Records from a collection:

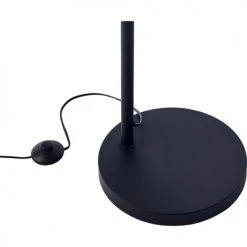 ATHM DESIGN Lampadaires Lampadaire Abat Jour Blanc Acrylique Pied Métal -Luminaires Ventes lampadaire abat jour blanc acrylique pied metal 4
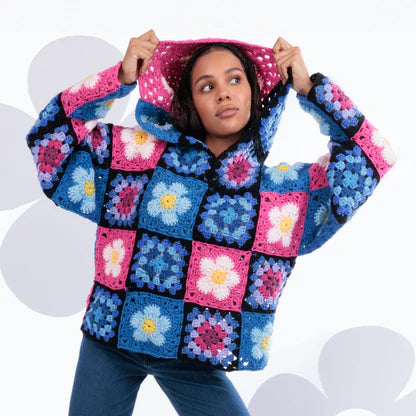 crochet hoodie dress Autumn Bee Dress or Hoodie Crochet pattern by coffeeandcrocheting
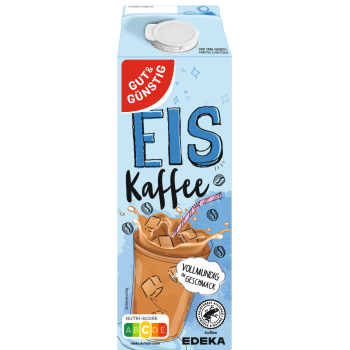 Eiskaffee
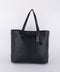 Coach Black Leather Tote Bag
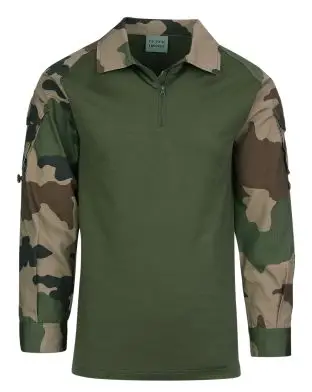 Fostex UBAC Skjorte Fransk camouflage - Kampskjorter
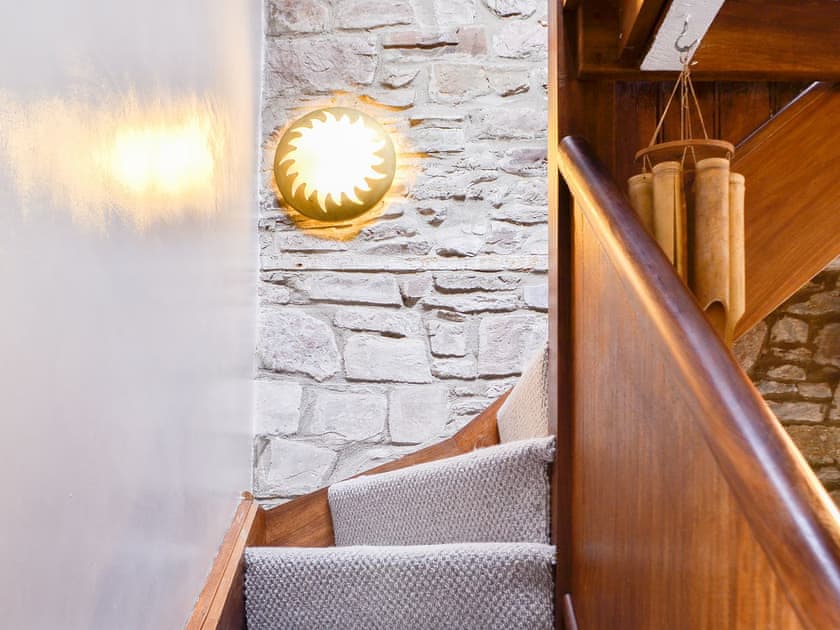 Stairs | The Cart House, Merthyr Cynog, near Brecon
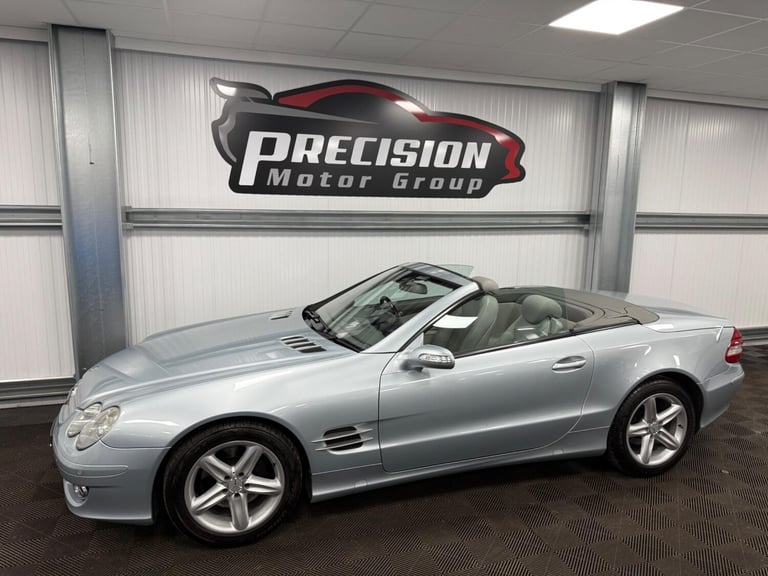 2007 Mercedes-Benz S-Class SL 350 [272] 2dr Tip Auto CONVERTIBLE PETROL Automatic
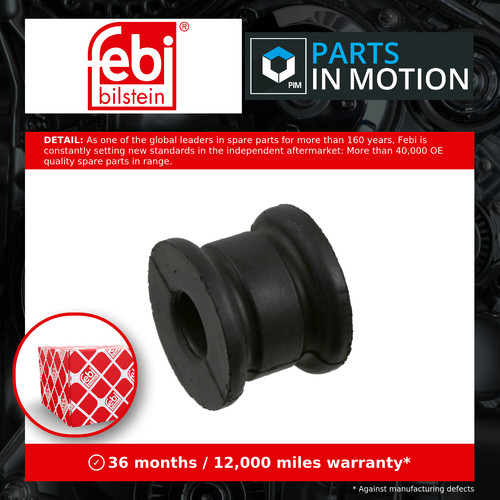 Anti roll bar bush fits - bar,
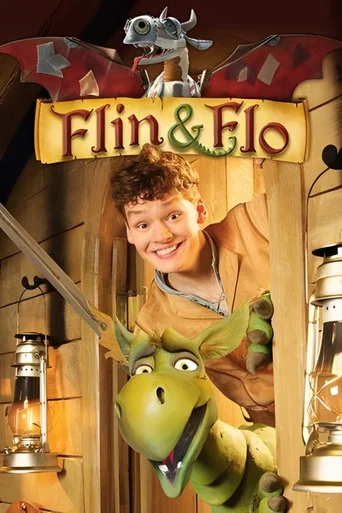Series poster for Flin & Flo (2015)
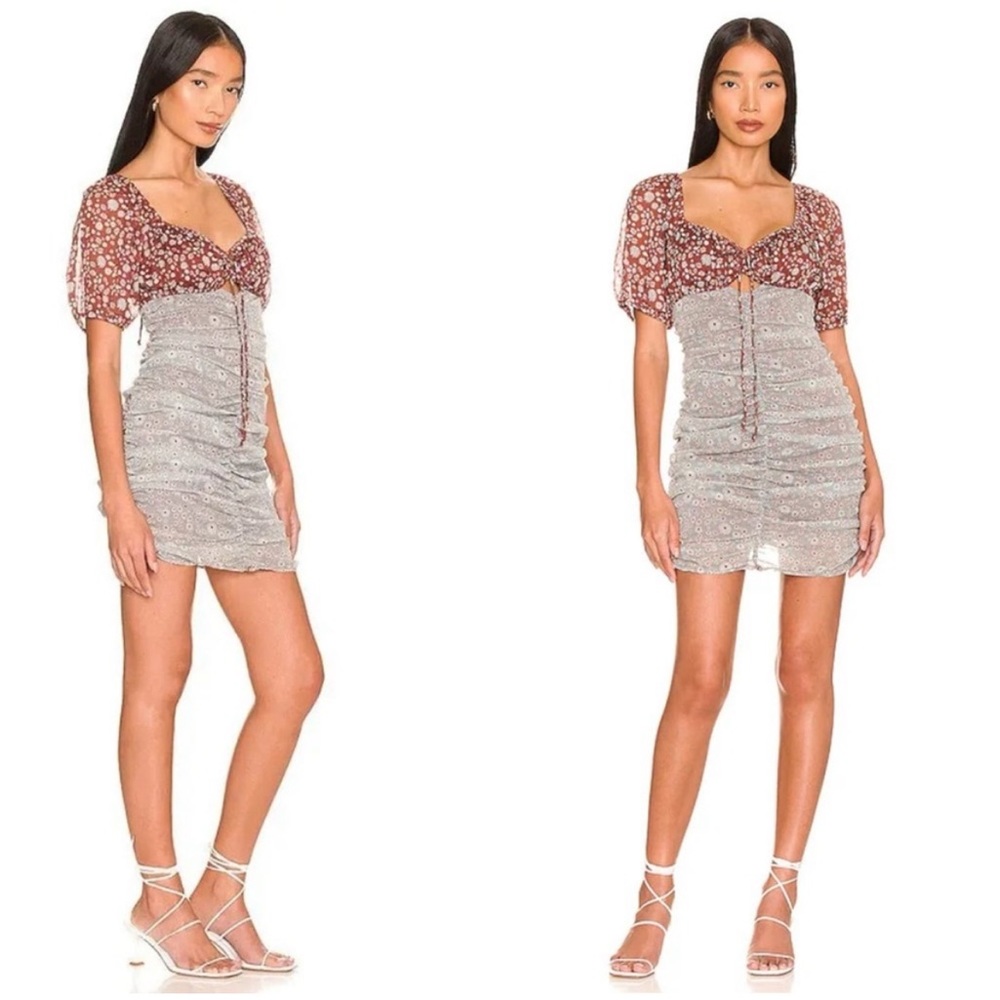 Free People X Revolve Tessa Mini Floral Dress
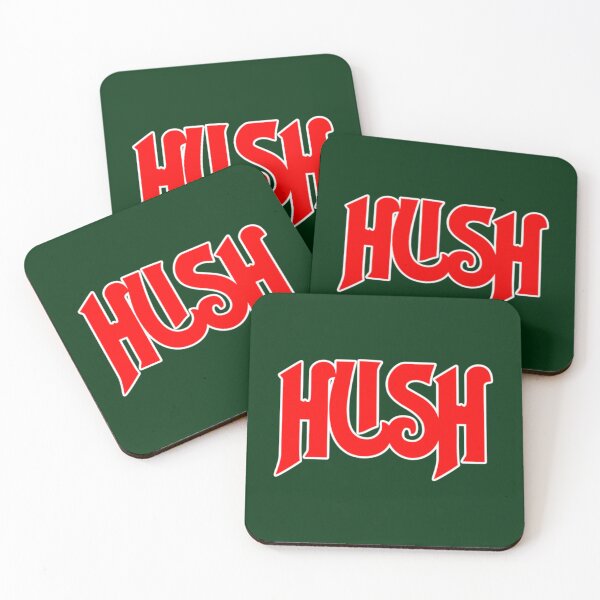 Item preview, HUSH and listen to RUSH! designed and sold by SunflowenDahlia.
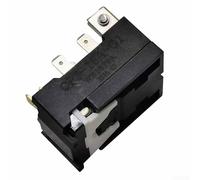QP3-15A-G1 PTC Starter for Relay for Refrigerator Compressor Overload Protection for Relay, Compact Black Plastic Thermal Overcurrent Protection(2PCS)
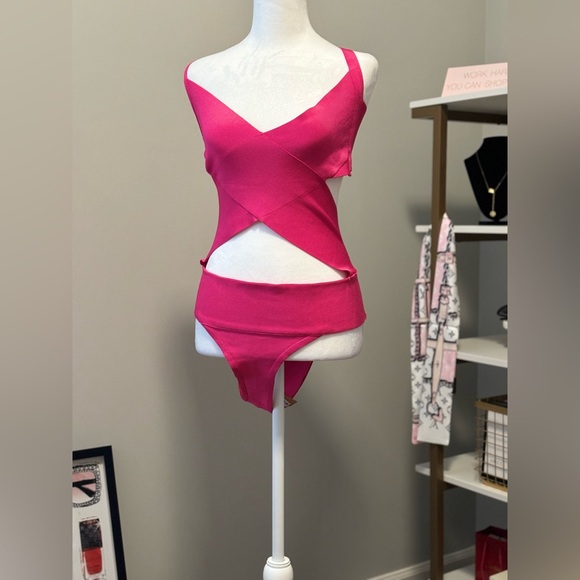 NWT Skims Knit Swim Bandage Monokini 3X - Picture 8 of 8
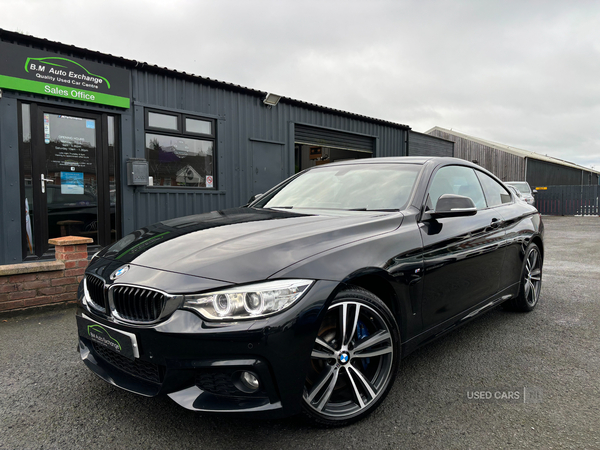 BMW 4 Series DIESEL COUPE in Down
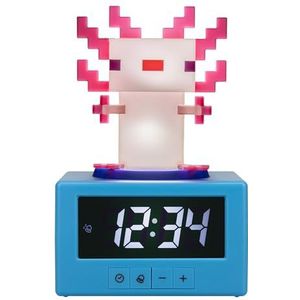 Paladone - Minecraft - Wekker - Meerkleurig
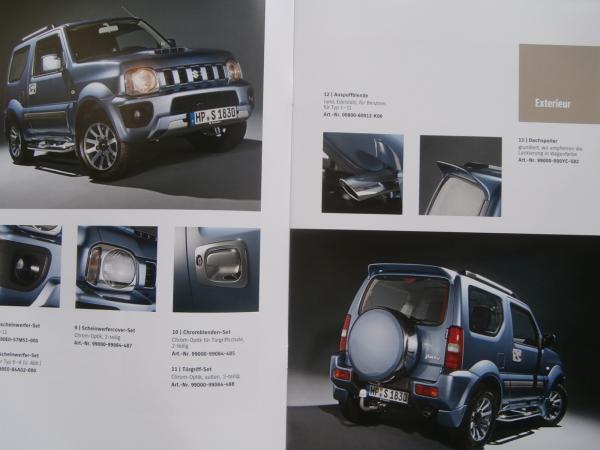 Suzuki Jimny Zubehör Prospekt November 2016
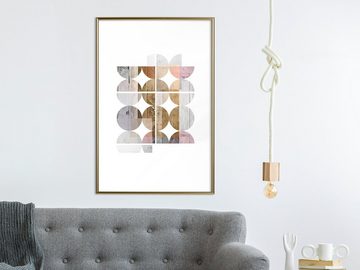 Artgeist Poster Harmonious Shape []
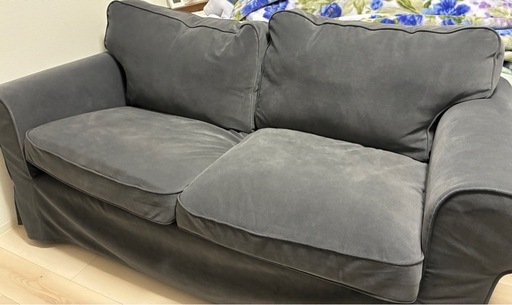 IKEAソファ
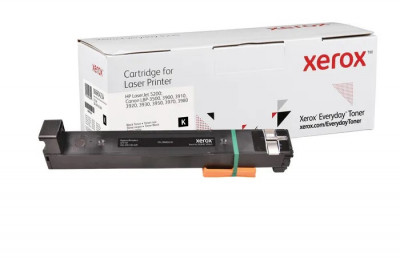 Xerox Toner Everyday Noir compatible avec HP 16A (Q7516A/ CRG-309/ CRG-509), Capacité standard 12000 pages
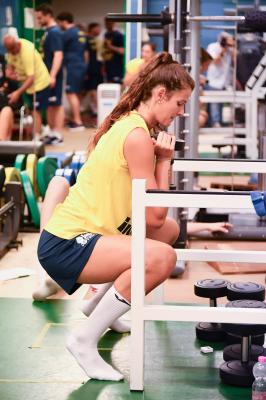 TREVISO 19082024 LEGAVOLLEY FEMMINILE  PROSECCO PRIMO RADUNO SQUADRA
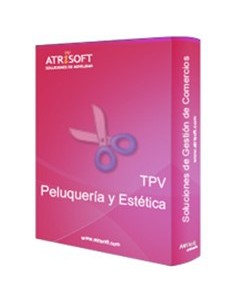 Programa tpv peluquerias y estetica atrisoft licencia electronica codigo activacion en factura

Assignment ▸ Each line from the one that contains "Xerox Toner Everyday" down to the one that contains "TREVISO 19082024 LEGAVOLLEY" is to be returned exactly as it stands above, both ends included, with pictures removed.

Written response ▸
 Xerox Toner Everyday Noir compatible avec HP 16A (Q7516A/ CRG-309/ CRG-509), Capacité standard 12000 pages
 TREVISO 19082024 LEGAVOLLEY FEMMINILE  PROSECCO PRIMO RADUNO SQUADRA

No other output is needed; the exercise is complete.